**Records for processing**

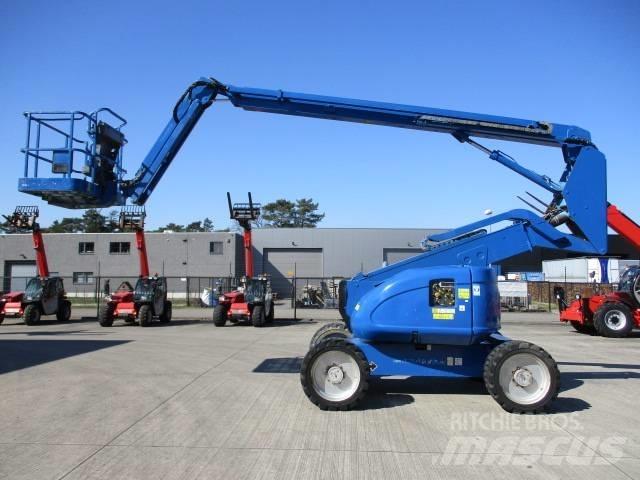 JLG 600 AJ (253) Kompakts pacēlājs ar rotējošu strēli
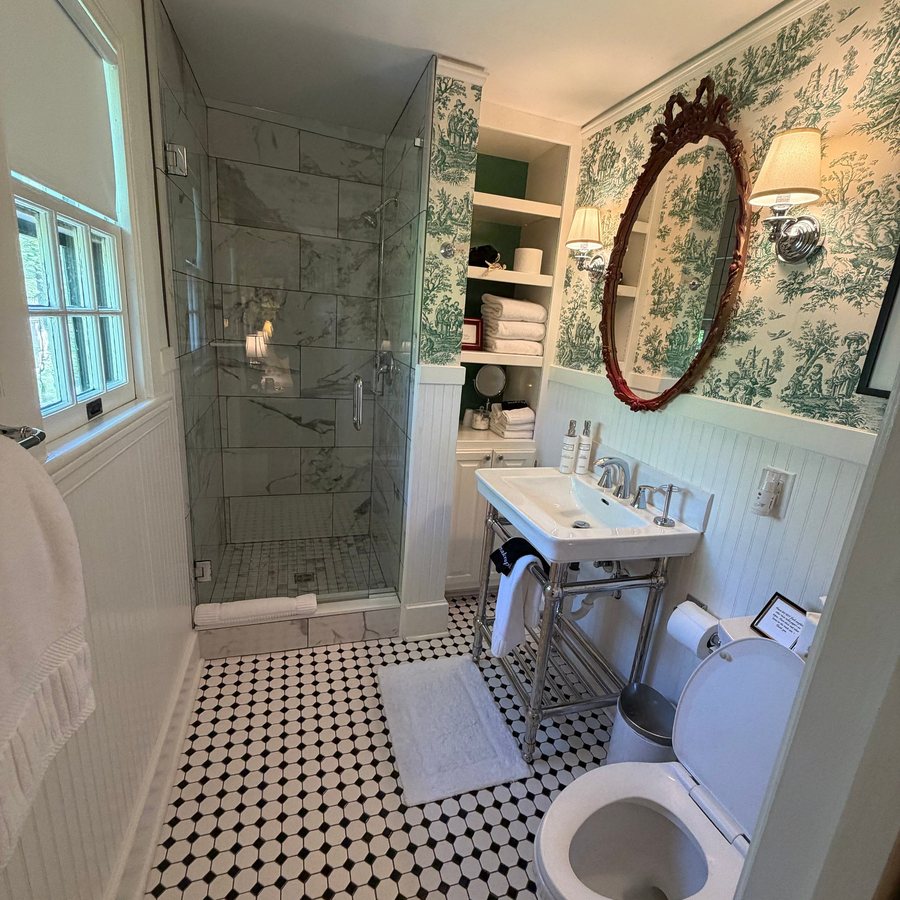 Pinecrest Bed Breakfast — Bathroom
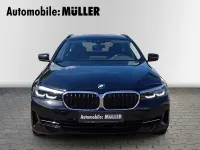 Gebraucht BMW 520 190 PS (139 kW) 2023 Schwarz Kombi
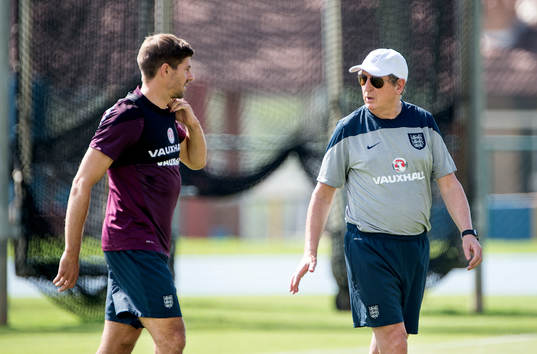 Englands tränare Roy Hodgson och Steven Gerrard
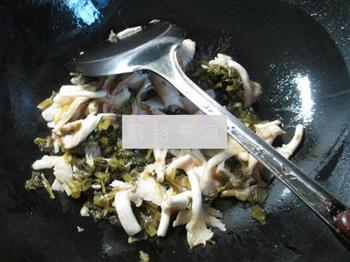 雪菜秀珍菇豆腐的做法步骤3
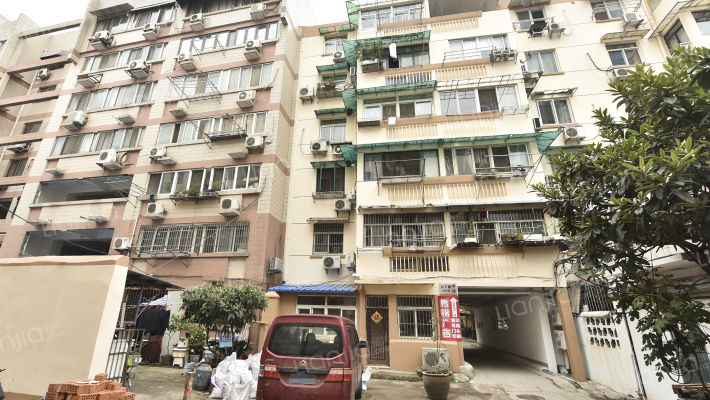 白下路235号小区外景图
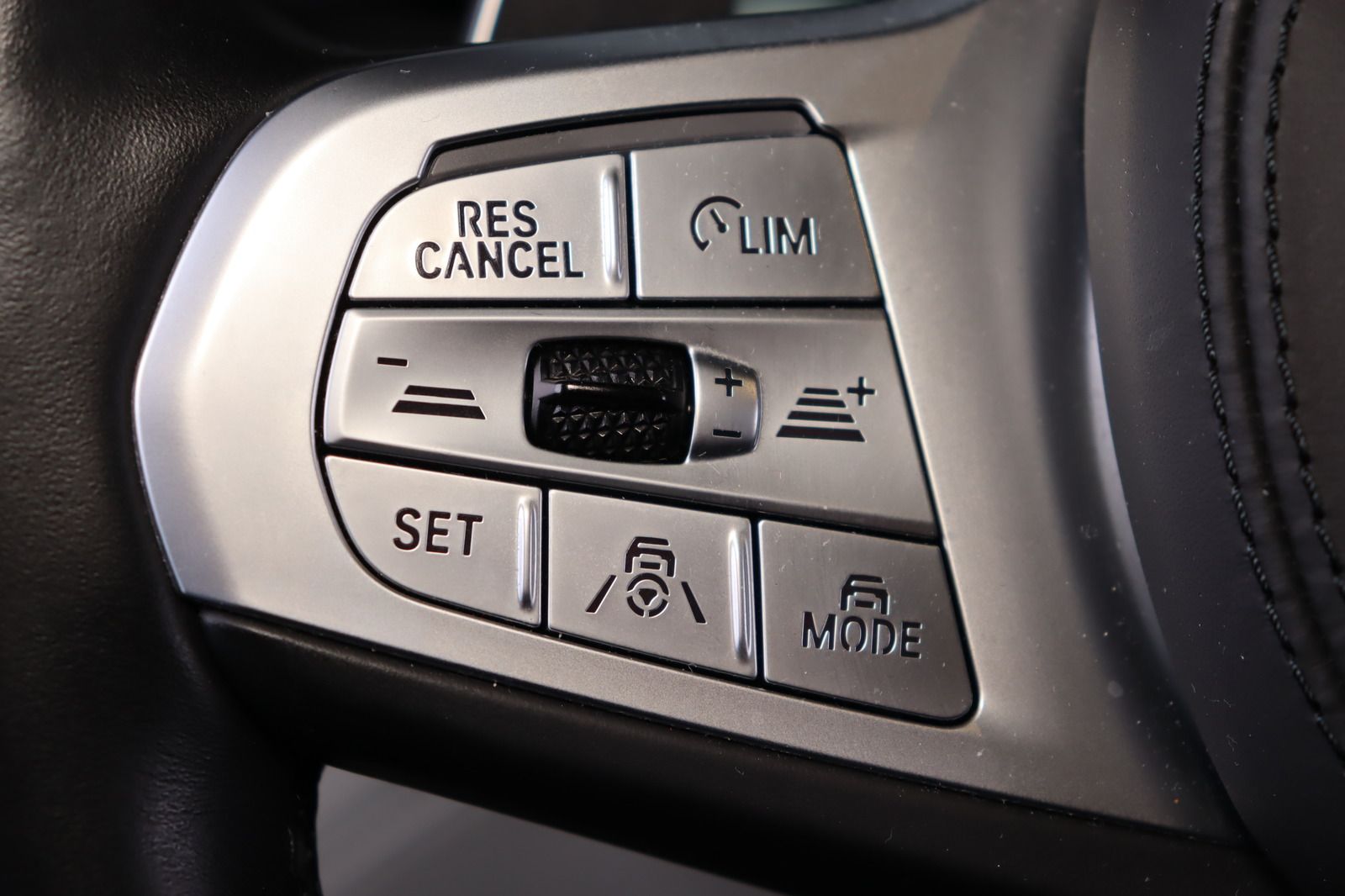Fahrzeugabbildung BMW 750 L i xDrive M Paket Night-Vision * 4x Massage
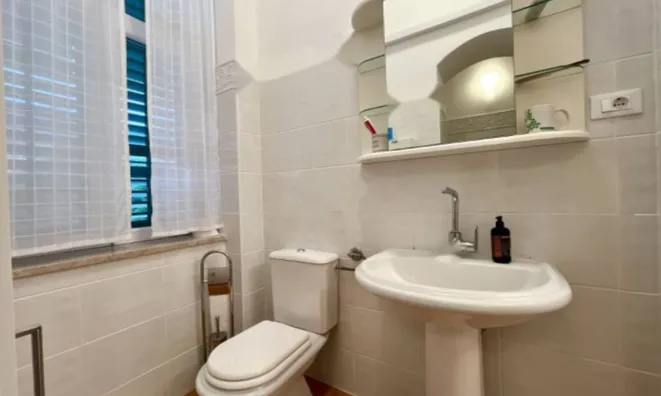 Недвижимость Трёхкомнатная квартира, Центр: 17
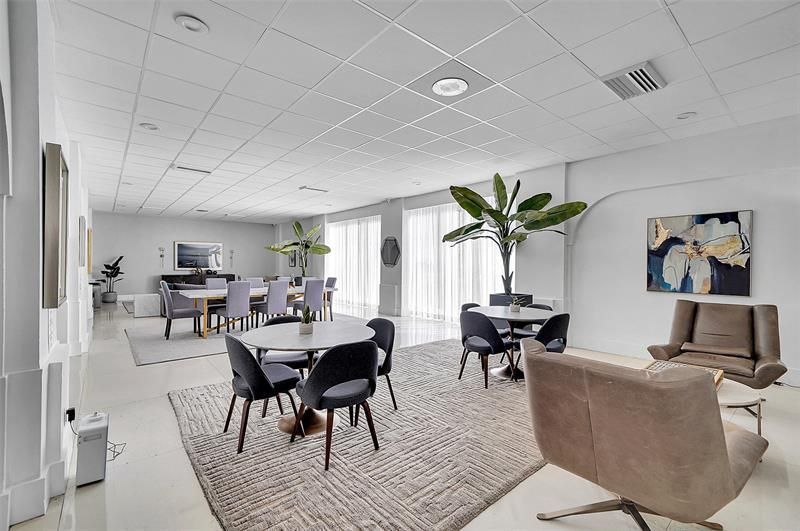 3140 S Ocean Drive, Unit 609, Hallandale Beach, FL 33009 Photo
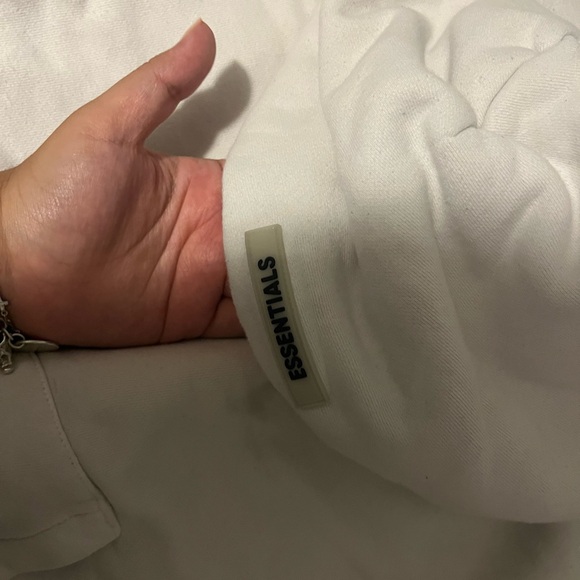 Essentials White Jacket - Picture 4 of 6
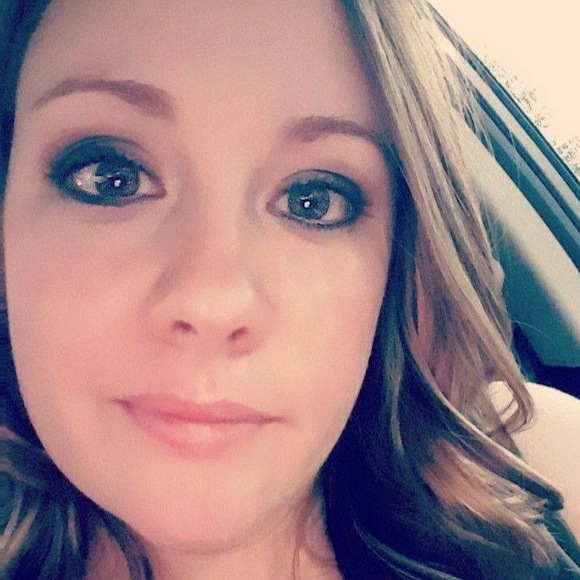 Profile Picture of Joanna Yoder (@joannayoder) on Poshmark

**Task requirements**
Your output should be the lines from the line containing "Недвижимость Трёхкомнатная квартира, Центр: 17" through the last line of the listing above, restated exactly, with no pictures among them.

**Answer section**
 Недвижимость Трёхкомнатная квартира, Центр: 17
 3140 S Ocean Drive, Unit 609, Hallandale Beach, FL 33009 Photo
 Essentials White Jacket - Picture 4 of 6
 Profile Picture of Joanna Yoder (@joannayoder) on Poshmark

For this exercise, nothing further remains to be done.